As nice as this man was to me, I knew that I was going to have to do something serious about this situation. I told him that I was going to go home to get a ladder to climb the tree, I wasn't sure what he thought but he smiled and waved goodbye. I went home and raced all over the house to do something to get this tree cutting stopped before they killed any more of these monster trees. I called the muni office, the MLAs (both of them), the municipal parks and rec guy, the Sierra Club, the environmental protection branch of the government, the MP and then in desperation the editor of the newspaper. Strangely enough, the editor had a few moments to talk when all others were way to busy to talk to me, he sent out a reporter and I was to meet him by the park.
I tore through the house putting things into the red backpack that had seen me through many difficult situations; rope, water, sleeping bag,nut bars, leather gloves, a tarp, wool toque, old wool sweater....I was running out of ideas and really had no idea what I was packing for! I was jogging with the back pack by the time I saw the reporter and was right mad that it had come to this. I lead him onto the pathway takes everyone right by these huge trees.
He asked what the backpack was for and I said that if I told him he would be an accessory. That only stalls a real reporter for a minute, he asked what my plan was, what I was thinking, what I was going to do, and then followed me to the tree that was next to be cut down and took a look at all of the stumps already cut. When his eyes came back to me I had tied a rope to the back pack and was (unceremoniously) clambered up to the first bifurcation in the tree. I hauled the back pack up and started to get to know my new home.

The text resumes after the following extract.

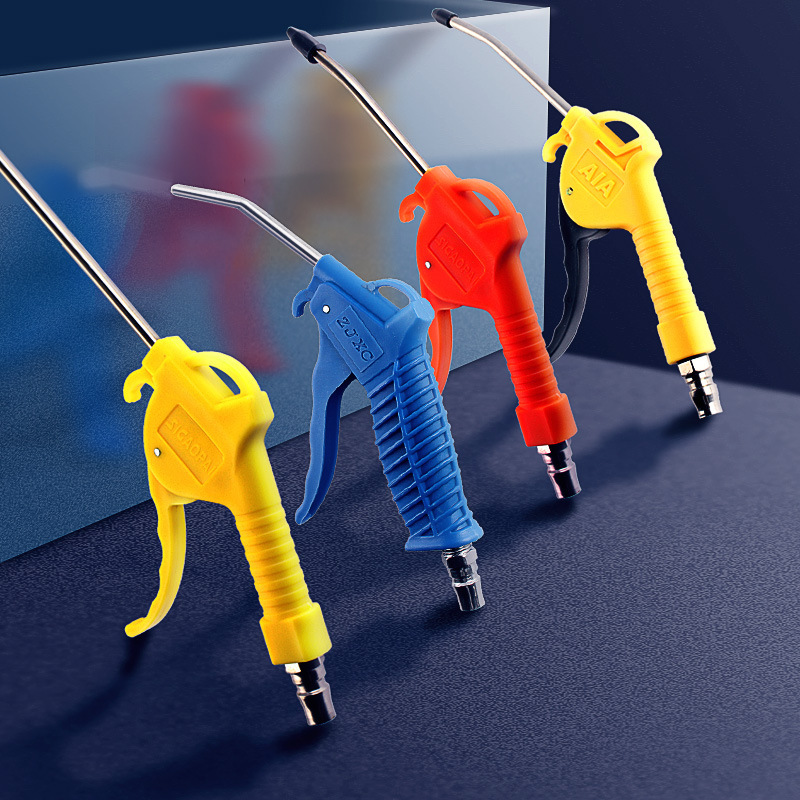 气动吹尘枪 吹气枪吹风枪喷气枪气动高压除灰枪除吹灰尘工具吹风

I honestly had no idea what I was doing but I really thought that they wouldn't cut it down with me in it. Yup, that's as far as I had thought this thing through! The car was at home and I was supposed to be picking Dave up from work later that day, it was looking like he would walk home with no explanation.
So there I was in the arms of a beautiful 800 year old tree, shaking from the natural fear of heights, and absolutely no plan what-so-ever!